Kaya Project - ... And So It Goes
J. Jury | London | 12/17/2008
(5 out of 5 stars)
"STYLE
Lush global fusion instrumentals and stirring international songs. The third album from Kaya Project deepens the multinational sound tapestry and instrumental juxtaposition that has been a hallmark of much of Natasha Chamberlain and Seb Taylor's music. Male and female vocals in various languages lead a number of tracks - not sampled - full songs performed with a passion and feeling that sample montaging often fails to deliver. Other vocal performances are wordless - wavering Asian utternaces, gentle oohs and aahs and Middle Eastern soaring. Indeed this whole album has a more organic feel than before, more acoustic instruments; guitar, slide guitar, flute, clarinet, classical Indian violin and Arabic mowals fused with tribal percussion, breakbeats and Gypsy jazz. The clear twangs of wires, the soft thuds of hands on drum skins, heady flute breaths, jangling shakers, expressive piano and clarinet lines - all are subtly buoyed up on almost transparent electronic structres. The effect is well picked up in the cover art - warm and expressive, transportational and engrossing.
MOOD
... And So It Goes strays somewhat further from its chilled roots than Walking Through and Elixir. The borders are more confidently blurred, the different genres more deftly interwoven. The project has come a long way from the early days of the chilled worldbeat when ethnic wavs were cut and pasted into electronic soundscapes as exotic flavouring - Kaya Project have built up a sound that feels genuinely global in scope, that feels authentic and natural. Tribal drum beats underpin Romany violin, orchestral elements walk side by side with ethnic recordings, Indian singers are accompanied by flamenco guitar, tablas carry slide guitar and harmonica - the atmosphere is like a world festival, shared cultures, common vision, joy of music.
ARTWORK
A rather sumptuous digipack holds this disc. Four matt panels open out into a broad panoramic spread.
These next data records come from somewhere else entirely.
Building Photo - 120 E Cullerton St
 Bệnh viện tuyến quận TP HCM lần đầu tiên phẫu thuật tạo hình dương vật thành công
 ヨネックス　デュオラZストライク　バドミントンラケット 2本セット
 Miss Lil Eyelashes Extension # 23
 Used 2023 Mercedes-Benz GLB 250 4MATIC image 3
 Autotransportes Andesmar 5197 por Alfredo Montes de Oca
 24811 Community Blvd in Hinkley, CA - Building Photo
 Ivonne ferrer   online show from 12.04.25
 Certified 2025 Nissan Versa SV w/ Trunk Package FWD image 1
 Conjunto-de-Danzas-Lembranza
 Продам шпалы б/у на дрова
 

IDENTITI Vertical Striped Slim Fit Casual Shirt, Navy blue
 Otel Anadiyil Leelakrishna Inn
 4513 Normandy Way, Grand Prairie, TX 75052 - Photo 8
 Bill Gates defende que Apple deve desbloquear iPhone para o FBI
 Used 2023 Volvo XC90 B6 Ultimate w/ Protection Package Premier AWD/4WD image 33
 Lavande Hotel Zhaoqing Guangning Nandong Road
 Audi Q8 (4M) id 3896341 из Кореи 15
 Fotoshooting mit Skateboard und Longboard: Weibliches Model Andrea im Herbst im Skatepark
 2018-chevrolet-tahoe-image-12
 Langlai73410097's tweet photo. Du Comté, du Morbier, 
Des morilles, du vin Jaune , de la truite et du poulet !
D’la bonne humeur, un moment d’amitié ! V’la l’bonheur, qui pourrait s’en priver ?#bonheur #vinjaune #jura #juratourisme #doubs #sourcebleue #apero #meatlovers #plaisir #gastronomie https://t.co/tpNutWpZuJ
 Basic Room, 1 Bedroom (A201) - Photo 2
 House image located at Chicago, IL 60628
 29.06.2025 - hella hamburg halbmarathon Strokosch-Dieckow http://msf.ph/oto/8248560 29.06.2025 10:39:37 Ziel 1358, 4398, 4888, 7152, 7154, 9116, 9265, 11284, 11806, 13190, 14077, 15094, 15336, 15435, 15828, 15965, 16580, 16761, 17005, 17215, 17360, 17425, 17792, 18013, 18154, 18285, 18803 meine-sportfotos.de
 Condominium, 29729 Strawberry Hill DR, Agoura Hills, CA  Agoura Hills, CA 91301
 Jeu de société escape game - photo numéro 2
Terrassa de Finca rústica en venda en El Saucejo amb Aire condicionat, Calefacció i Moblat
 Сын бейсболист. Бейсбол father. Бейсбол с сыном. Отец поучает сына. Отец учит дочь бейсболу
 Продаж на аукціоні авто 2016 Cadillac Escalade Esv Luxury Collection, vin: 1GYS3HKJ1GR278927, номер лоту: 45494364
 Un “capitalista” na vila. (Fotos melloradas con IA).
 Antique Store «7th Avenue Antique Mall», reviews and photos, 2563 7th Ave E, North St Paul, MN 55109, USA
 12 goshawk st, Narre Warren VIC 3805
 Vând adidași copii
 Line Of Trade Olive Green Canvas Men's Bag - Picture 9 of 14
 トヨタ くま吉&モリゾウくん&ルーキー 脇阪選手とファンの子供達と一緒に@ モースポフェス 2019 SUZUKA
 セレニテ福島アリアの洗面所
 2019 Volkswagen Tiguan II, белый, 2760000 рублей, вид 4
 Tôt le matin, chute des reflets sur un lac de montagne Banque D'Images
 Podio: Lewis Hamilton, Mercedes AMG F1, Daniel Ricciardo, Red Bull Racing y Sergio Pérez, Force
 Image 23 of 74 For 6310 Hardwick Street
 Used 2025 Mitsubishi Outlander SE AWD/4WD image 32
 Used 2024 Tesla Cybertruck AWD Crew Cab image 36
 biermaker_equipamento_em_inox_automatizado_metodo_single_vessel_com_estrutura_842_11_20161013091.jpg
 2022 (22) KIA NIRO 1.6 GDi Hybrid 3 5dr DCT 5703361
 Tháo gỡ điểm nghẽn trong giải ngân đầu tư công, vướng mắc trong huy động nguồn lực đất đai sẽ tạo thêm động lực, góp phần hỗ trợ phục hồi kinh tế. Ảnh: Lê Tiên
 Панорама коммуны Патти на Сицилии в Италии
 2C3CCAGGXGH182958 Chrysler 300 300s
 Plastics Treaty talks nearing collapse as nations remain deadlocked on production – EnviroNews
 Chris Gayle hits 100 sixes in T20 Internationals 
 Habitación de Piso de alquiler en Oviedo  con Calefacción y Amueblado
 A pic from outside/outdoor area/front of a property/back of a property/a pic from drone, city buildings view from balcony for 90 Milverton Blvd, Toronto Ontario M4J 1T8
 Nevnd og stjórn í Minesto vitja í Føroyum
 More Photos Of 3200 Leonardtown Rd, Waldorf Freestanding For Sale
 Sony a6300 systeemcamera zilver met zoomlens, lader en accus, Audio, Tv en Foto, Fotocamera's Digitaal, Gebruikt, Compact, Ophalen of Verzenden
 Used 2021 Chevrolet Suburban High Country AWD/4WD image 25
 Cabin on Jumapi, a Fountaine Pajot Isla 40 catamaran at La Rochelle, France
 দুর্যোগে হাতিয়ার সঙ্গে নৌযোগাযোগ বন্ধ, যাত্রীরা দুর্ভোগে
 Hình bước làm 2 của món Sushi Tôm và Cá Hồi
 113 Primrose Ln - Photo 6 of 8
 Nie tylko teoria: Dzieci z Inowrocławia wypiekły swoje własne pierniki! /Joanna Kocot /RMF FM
On the front cover and running across to the rear a painting with the bold look of indigenous art shows a row of twisting trees against a yellow orange red sky, huge leaves trail as a border along the top; the tightly coiled roots of the trees curling into the earth as a lower border. A faint track list appears on the back cover. Opening out to the first level - a flat beige ground holds a long list of thanks from Seb and from Interchill, track by track writing credits and cover shots of the two previous Kaya Project albums. A further turn of a panel and the disc is revealed along with performance credits and website details. A final outfolding exposes a rich branch and leaf design in similar style to the outer image. Very vivid earthy hues, strongly textured and confidently lined.
OVERALL
Following on from the highly successful Elixir - for the third time Kaya Project deliver their evocative music via Interchill Records. This has been a creatively fertile period for Seb Taylor clearly, the release of the Hibernation debut Some Things Never Change (a different sonic identity focussed more heavily on electronic sound and deeply chilled glitch) only weeks back. Here with Natasha Chamberlain on vocals, keyboards and flute, the attention is on a more live sound with acoustic instruments including Seb's guitar well employed and mostly dominating the mix.
WHO WILL LIKE THIS ALBUM
Straying across so many boundaries it's hard to keep up ... And So It Goes will likely appeal to fans coming in from the downbeat club scene enjoying global sound, but so too fans of Deep Forest, Real World, Afro Celts and other worldbeat acts will find plenty here to enjoy."
Headphone Commute Review
Headphone Commute | 02/21/2009
(5 out of 5 stars)
"The latest release from Kaya Project titled, ...And So It Goes, is full of spiritual and ethnic elements, multi-lingual vocals, and world infused beats. This is a third full length album from a collaborative duo of Sebastian James Taylor and Natasha Chamberlain. Incorporating digital production design with organic instruments, Taylor and Chamberlain create a beautiful downtempo album with elements of tribal rhythms and dusty dub grooves. This album is full of contributions from many artists, like Deepak Pandit on Indian violin, Susi Evans on clarinet, and excellent vocals by Irina Mikhailova. Some of the above artists have previously worked with Taylor under his other moniker, Hibernation, with the very latest release, Some Things Never Change (Aleph Zero, 2008). Taylor has always been a pretty busy guy. On the side, he manages to put out 12" breakbeat EPs on Sinister Recordings under his Digitalis alias. Meanwhile, some may recall his early psytrance work under Shakta moniker, with the last album being Feed The Flame (Dragonfly, 2004). In this latest work, Taylor and Chamberlain join forces once more, to display their wide artistic range through music that is at once relaxing, groovy, and earthbound. One can picture carefree belly-dancers performing around the fire, circled by musicians connected to their instruments with heart and soul. It is at once a feeling of happiness and unity with the one. Recommended for the likes of Asura, Tripswitch, Solar Fields and Entheogenic."